There are various programmes out there aimed at increasing a company’s sales by raising the productivity of its employees joining the programme, by increasing customer loyalty etc. Cross-border programmes are also implemented in Latvia, and their tax issues are very topical as well as complicated. This article explores employee incentive programmes in the light of a recent VAT ruling from the Court of Justice of the European Union (CJEU).
The case heard by the CJEU (ruling C‑607/20 of 17 November 2022) has the following facts and circumstances:
The Advocate General has stated that it is possible in the actual circumstances that GEAES was not liable to charge VAT on the purchase of vouchers at all because the retailer also charged VAT when exchanging goods for the voucher. The CJEU has made some useful comments on the content of the personal consumption rule.
The personal consumption rule found in article 26 of the VAT directive (the first and the second part) provides that a supply of services for consideration includes the case where a taxable person uses for his own or his employees’ private needs some goods forming part of his business assets or – in a broader sense – for purposes other than his business needs if VAT on those goods was fully or partially deductible. In the VAT Act, this rule matches section 6(1) while the personal consumption rule in its second subsection applies to services.
So the CJEU assessed the phrase “goods being used for the taxable person’s own or his employees’ private needs or – in a broader sense – for purposes other than the taxable person’s business needs”.
The CJEU noted the purpose of this rule: to ensure equal treatment between a taxable person who uses goods or services for his own or his employees’ private needs, on the one hand, and a final consumer who acquires goods or services of the same type, on the other. If a taxable person who has deducted VAT on the purchase of goods uses his company’s goods without charging VAT for his own or his employees’ private needs, he is in a privileged position compared to an ordinary consumer who always has to pay VAT on goods.
So, if a company’s assets are used free of charge or gifted, the taxable person is automatically treated as a final consumer and he is liable to charge VAT. Yet this rule provides that a supply of services free of charge may still be treated as one that was not made for private needs if it was made for the taxable person’s business needs.
The CJEU stated that it is important to assess the substance and purpose of this programme. In this case the purpose was to improve staff performance and thus increase the company’s profitability. Having assessed the usability of goods received in exchange for the voucher, the CJEU finds they satisfy the employee’s private needs. Yet GEAES does not decide about awarding vouchers, and it does not know and is unable to influence what goods the employee will acquire. Also, the employees have no certainty or reliable criteria they could strive to achieve for a prize.
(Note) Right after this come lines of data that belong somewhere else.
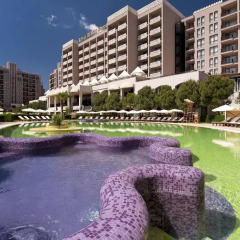 Отель Barceló Royal Beach бассейн фото 2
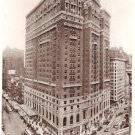 NEW YORK THE METROPOLIS OF MANKIND 1918 GEOGRAPHIC ARTICLE 39 PHOTOS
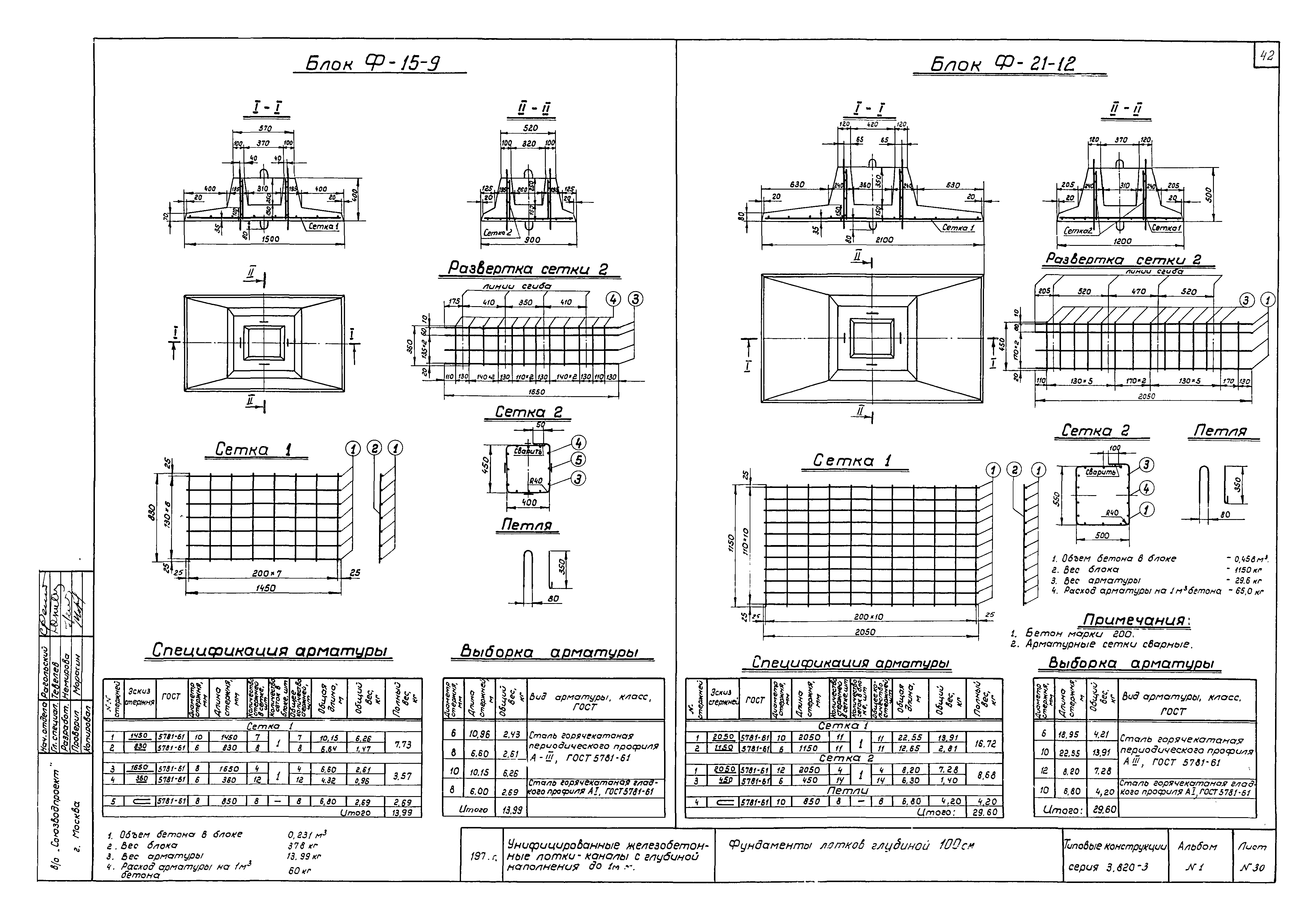 Серия 3.820-3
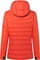 Vaude Elope Hybrid Jacke glowing red (Damen) Vorschaubild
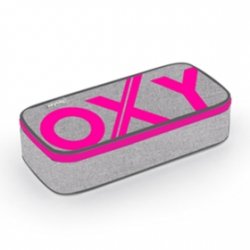 Pouzdro etue komfort OXY Style Fresh pink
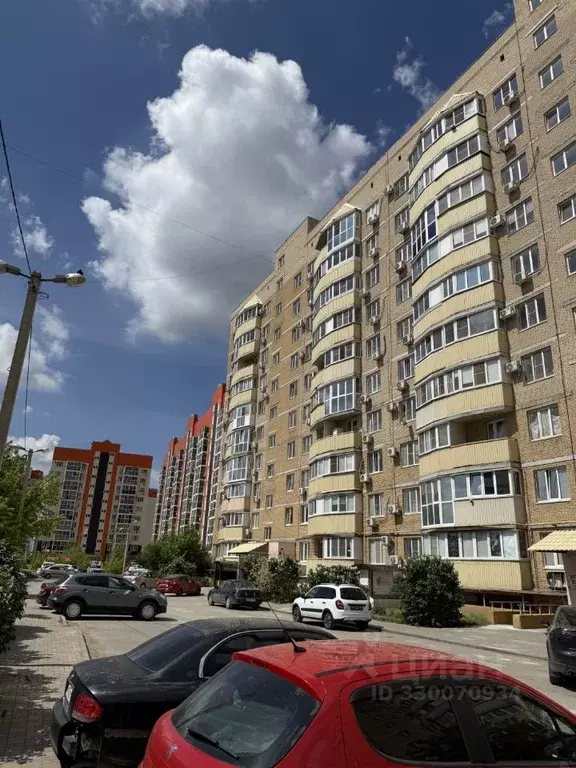 Помещение свободного назначения в Волгоградская область, Волжский ул. ... - Фото 1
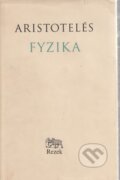 Kniha: Fyzika (Aristotelés). Rezek, 1999 Kniha: Fyzika (Aristotelés). Rezek, 1999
So, even though the CJEU asked the national court to clarify the situation, the CJEU stated that giving a free voucher to an employee primarily benefits the company through the prospect of increasing sales thanks to higher staff motivation. The employee’s private benefit is only secondary. Accordingly, such activity falls outside the scope of article 26(1)(b) of the VAT directive, i.e. GEAES was not liable to charge VAT on the free vouchers.
We find this CJEU ruling to be very interesting. There is no knowing how the national court will assess and decide this case. And there is no telling whether the ruling would have been different had the retailer not charged VAT on the goods exchanged for the voucher.
It’s even more difficult to predict how this situation will be assessed in Latvia. We believe that in order to exempt gifts given under such a programme, firstly, there must be evidence that there is a link between the gift to the employee and the taxable person’s business, and secondly, it must be possible to verify that the gift has indeed made an impact on the taxable person’s business. Gifts that incentivise staff, just like free meals or transport to work and back, are primarily given as a private benefit unless it can be established that the supply of services employees free of charge is necessary because of some special circumstances.